The moment the telegraph announced the first alarm of civil war, 50,000 Argentines took up arms. Buenos Ayres is on foot with all its power, Santa Fé has 6,000 armed men in the field, and Entre Rios, so long the patrimony of “caudillos,” has 12,000 more ready for action. Corrientes, Cordoba, Mendoza, Tucuman, and the other provinces, are likewise in arms, waiting for my orders, while I am uncertain what to do, since I only know at present of three traitors, my sworn friends of yesterday—Rivas, Arredondo, and Obligado.
Let the humblest peasant of the interior know that the President of the republic thanks him for his noble conduct, and that every upright man is bound to overcome the energumenons who are carrying devastation through the provinces like railway-engines that have lost their drivers.
I must also congratulate the army and navy. The officers who refused the gold of the conspirators put into my hands all the particulars of the plot. Some forces have been seduced by the murder of Ivanowski and the treason of their commander. Arredondo has fled from the field, and thought it more glorious to attack the unprotected city of Cordoba. Rivas goes through the frontier bow us asking, what news from Buenos Ayres? What forces has the government? Who betrayed the traitors? The sailors of the Uruguay refused to serve their captors, and return from Montevideo to rejoin our navy.

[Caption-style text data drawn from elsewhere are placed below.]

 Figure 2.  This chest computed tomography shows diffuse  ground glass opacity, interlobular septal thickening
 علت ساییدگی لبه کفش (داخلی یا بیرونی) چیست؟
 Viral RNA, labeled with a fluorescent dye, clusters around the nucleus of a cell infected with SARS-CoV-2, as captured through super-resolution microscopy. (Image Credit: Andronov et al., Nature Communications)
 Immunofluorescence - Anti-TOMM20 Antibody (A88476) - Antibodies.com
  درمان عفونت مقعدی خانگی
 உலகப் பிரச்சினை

Soldiers, the terrible military law makes a drummer an accomplice if his commander turn traitor. Don B. Mitre cannot command you, because he has resigned his rank. He has no title or commission, and whoever freely obeys him is a traitor. Rivas, Obligado, and Arredondo cannot command you, as they hold no commission even from a revolutionary government, on land or sea, such as the rights of nations treat of. They are merely chiefs of bands of marauders, at the mercy of whoever captures them.
Fellow-citizens, take my parting word as good advice. Rally round government. Shut your ears to political or military adventurers, and to all those who talk largely of patriotism in order to get their hand into the treasury.
Hitherto we have been going on well, without wars, troubles, or revolutions. Railways will save you, if the Vandals do not tear them up. Telegraphs have bound together all the provinces with the national government, making the Argentine watchword be “Liberty, with government, peace, and institutions.”
Having said so much to the people that obey the law, let me now say a word to the enemies who have produced this situation. I did my best to save them from their own errors. And now I can point out my modest cottage, where I had hoped to spend the rest of my days in quiet, and where, perchance, I may meet the dagger which I have never deserved.
National guards of the republic, soldiers of the army, support the new President D. Nicolas Avellaneda. He is to-day the greatest triumph of the Argentine Republic. If you think him weak, support him. Character and energy are not always to be found under a pair of epaulettes, or in the midst of popular plaudits.
Put down this revolution, and you will have given to the rest of America and to Europe the proof that you are a people, not a stepping-stone for ambition.
Wishing you every happiness and wisdom, I now say farewell.